But one American literary character indirectly shaped the Agent’s development, and that of all American espionage creations to come.  This antecedent to X is James Fenimore Cooper’s creation Harvey Birch, from the novel The Spy (1821).  A tale of the Revolution, Birch, one of Washington’s spies, uses disguise, maintains a “secret sanctum” of sorts, and performs various kinds of derring-do.  And he performs his deeds while considered a traitor to the Continental cause.  The parallels to Agent X are quite striking when we consider the way that both the law and the criminals regarded X as their mortal enemy.  And the likenesses do not end there, when we take account of the sacrificial natures of both men, in the midst of great loneliness and overwhelming odds.

In his own career X combined the traits of a Federal operative and a lone wolf vigilante, just as you and Will Murray have shown.  That is, the Secret Agent carried an extraordinary commission from Washington, answering to a superior, or “control,” named K9.  That man in turn might have gotten authority from the President himself.  In contrast to the usual G-men, the Secret Agent could behave more or less as he saw fit in battling the criminal element.   Someone had to pay for all of his crime-fighting, of course.  So “ten wealthy, public-spirited men,” the legend relates, had subscribed to a fund in the name of Elisha Pond.  With that money X equipped a sanctum, the Montgomery Mansion; and he built an arsenal of armored cars and other gadgets.  He developed explosive and flash grenades, flares, and a series of bulletproof vests.  Then he fashioned that legendary anesthetizing gas gun, his chief weapon to overcome his opponents.

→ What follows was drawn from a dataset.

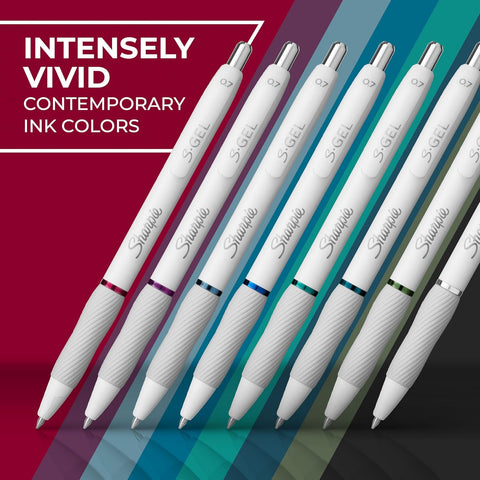 Sharpie S-Gel Pens, Fashion Barrel Gel Pens, Pearl White Body, Medium Point (0.7mm), Bold Ink Colors, 12 Count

X faced some nasty criminal types, most of them seeming escapees from the “weird menace” pulps.  They included Doctor Marko, the Skull, Thoth, the Fury, the Brain, Shaitan, and Madam Death.  I might count the “Leopard Lady,” Felice Vincart, among this number.  But she wasn’t the main villain in either of her appearances.  Since the original novels, some other writers have added to the Agent’s Rogues’ Gallery, as I myself have done with Proteus, the Fool, the Ghost, and now, the Resurrectionist.

Tom: With The Resurrection Ring now in print, why don’t you tell readers a little about the plot, how it came about, and why, without revealing any crucial secrets to the story. But, of course, with enough tease to the plot to make them want to read it.

Steve:  Here’s the blurb Matt Moring requested for Pulpfest: 

Arsonists in silver-white garments, animate snowmen, reduce innocent victims and private property alike to blackened husks. Then armed with strange pistols, the killers murder a number of crooked industrialists and dope lords. Only then can the arsonists' chief, the fiendish Resurrectionist, raise the gunshot victims from the grave! But new life isn't so great, since all of the formerly deceased are now wild-eyed, twitching addicts, slaves to a mysterious “sugar”!

Can the Resurrectionist really build his criminal cult by raising the dead and summoning the Wrath of God on his enemies? Or is his actual goal something more personal: the real identity of the Man of a Thousand Faces?

To answer these questions, the brilliant detective and his courageous assistants, a known criminal among them, must confront an old enemy. He will force the Secret Agent to face his own shadowy past and to admit that even he might finally have run out of disguises–and surprises….

So in a nutshell, that’s the plot of TRR.  For years I had toyed with an origin for the Man of a Thousand Faces.  That is, under what circumstances, exactly, had the Department of Justice declared him dead?  Who had helped him execute his daring plan?  And what was its outcome, both for the detective and for those whom he loved?  My novel aimed to answer those very questions.  How simple this sounds!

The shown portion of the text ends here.